> _RECORDS FOR PROCESSING_
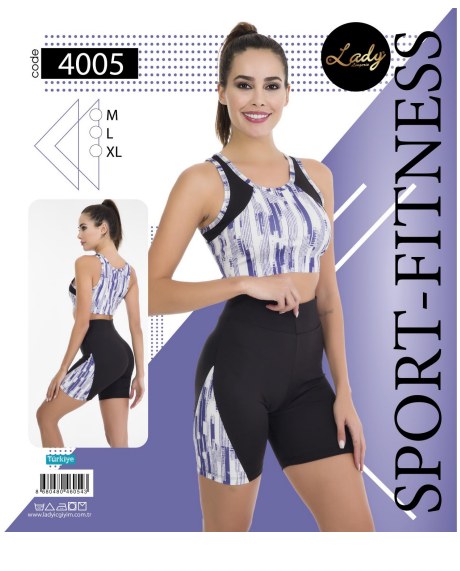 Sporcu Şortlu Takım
==
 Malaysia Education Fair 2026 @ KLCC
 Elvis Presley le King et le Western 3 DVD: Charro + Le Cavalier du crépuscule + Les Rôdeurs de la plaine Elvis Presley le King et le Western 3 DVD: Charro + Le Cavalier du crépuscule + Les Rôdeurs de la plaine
* * *
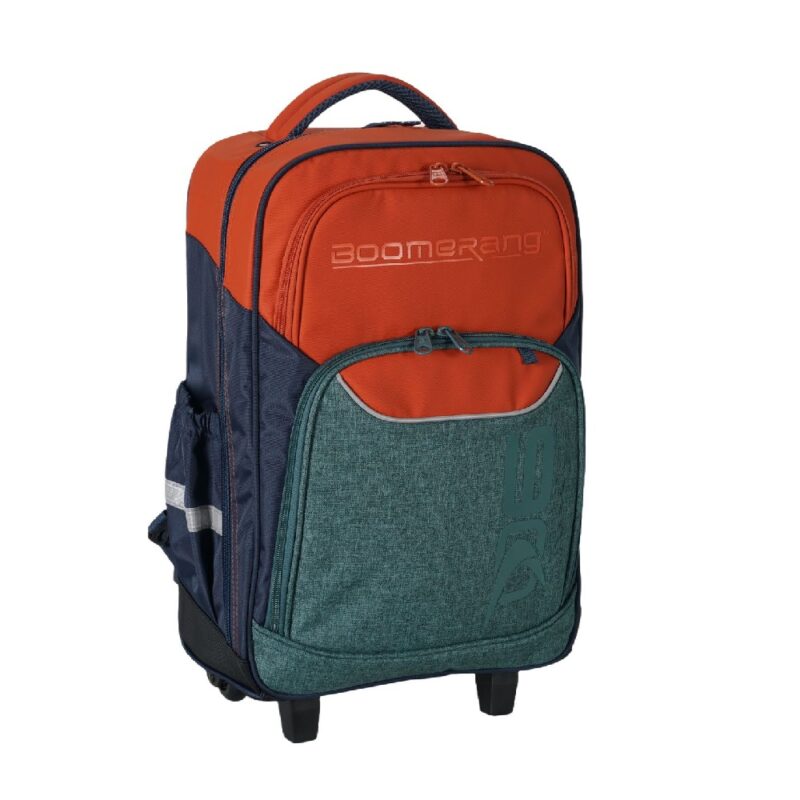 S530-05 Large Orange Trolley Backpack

> _EXERCISE AIM_
Reproduce the entries above exactly, but only the lines between the line holding "Malaysia Education Fair 2026 @ KLCC" and the line holding "la plaine Elvis", inclusive.

> _RESPONSE_
 Malaysia Education Fair 2026 @ KLCC
 Elvis Presley le King et le Western 3 DVD: Charro + Le Cavalier du crépuscule + Les Rôdeurs de la plaine Elvis Presley le King et le Western 3 DVD: Charro + Le Cavalier du crépuscule + Les Rôdeurs de la plaine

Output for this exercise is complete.